I noted a while back that the U.S. savings rate was on the rise, that it looks like U.S. carbon dioxide emissions peaked in 2007, that President Obama was making a big push toward making America a nation of creators as opposed to consumers, and asked in May,0 “Is the U.S. consumption binge over?“  Well, I’m asking again:

Have you personally seen evidence of permanent behavior shifts or is this is just a small speed bump on the Autobahn to oblivion.

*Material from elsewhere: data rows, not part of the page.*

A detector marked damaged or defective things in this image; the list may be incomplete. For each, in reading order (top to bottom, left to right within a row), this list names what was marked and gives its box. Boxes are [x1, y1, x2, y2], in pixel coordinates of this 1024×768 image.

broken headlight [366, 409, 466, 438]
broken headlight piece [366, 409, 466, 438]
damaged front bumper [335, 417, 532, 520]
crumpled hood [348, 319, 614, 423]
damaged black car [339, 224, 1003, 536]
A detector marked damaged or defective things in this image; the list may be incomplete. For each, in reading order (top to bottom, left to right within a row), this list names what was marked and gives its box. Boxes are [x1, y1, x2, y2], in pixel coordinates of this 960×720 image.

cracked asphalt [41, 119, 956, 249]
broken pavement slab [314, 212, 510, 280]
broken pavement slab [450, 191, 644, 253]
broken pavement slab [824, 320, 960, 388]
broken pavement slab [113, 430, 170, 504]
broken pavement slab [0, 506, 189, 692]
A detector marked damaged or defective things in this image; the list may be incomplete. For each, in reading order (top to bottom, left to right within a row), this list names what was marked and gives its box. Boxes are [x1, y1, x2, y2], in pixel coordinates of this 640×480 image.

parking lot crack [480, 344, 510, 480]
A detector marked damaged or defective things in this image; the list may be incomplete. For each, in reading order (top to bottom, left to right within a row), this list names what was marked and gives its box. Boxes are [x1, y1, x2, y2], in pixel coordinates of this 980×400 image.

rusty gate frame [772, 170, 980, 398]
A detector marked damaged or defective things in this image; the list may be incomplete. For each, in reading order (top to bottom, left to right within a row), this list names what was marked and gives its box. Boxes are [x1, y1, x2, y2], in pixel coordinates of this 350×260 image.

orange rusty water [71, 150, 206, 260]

On Friday, a NYT piece, “Reluctance to Spend May Be Legacy of Recession,” made some similar points:

The Great Depression imbued American life with an enduring spirit of thrift. The current recession has perhaps proven wrenching enough to alter consumer tastes, putting value in vogue.

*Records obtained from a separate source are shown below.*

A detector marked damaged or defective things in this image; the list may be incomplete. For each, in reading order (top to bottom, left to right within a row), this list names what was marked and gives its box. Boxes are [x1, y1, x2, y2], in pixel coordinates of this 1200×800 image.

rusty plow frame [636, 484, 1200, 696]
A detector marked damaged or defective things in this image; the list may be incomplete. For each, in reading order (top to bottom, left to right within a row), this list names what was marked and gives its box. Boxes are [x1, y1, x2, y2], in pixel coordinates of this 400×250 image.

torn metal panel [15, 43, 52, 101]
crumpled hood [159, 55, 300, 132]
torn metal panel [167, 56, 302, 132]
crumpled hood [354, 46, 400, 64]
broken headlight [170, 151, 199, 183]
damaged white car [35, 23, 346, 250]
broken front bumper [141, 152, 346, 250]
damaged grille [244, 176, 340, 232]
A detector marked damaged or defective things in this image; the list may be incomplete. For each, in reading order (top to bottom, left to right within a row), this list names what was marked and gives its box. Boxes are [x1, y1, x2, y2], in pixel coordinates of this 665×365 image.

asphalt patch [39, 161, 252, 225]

“It’s simply less fun pulling up to the stoplight in a Hummer than it used to be,” said Robert Barbera, chief economist at the research and trading firm ITG. “It’s a change in norms.”

Of course, it’s a long way from Hummers to John Stuart Mill’s “Stationary State.”  Also, the “the savings rate dipped to 4.2% from 4.5% in June and from 6.0% in May,” and even the 6.0% was only a blip to the 50-year average (the figure below is the 3-month centered average of the personal savings rate).

Still, the NYT notes:

On Friday, the Commerce Department said spending rose 0.2 percent in July from the previous month. But most economists see this activity as short-lived, pointing out that incomes did not rise. Some suggest the recession has endured so long and spread pain so broadly that it has seeped into the culture, downgrading expectations, clouding assumptions about the future and eroding the impulse to buy.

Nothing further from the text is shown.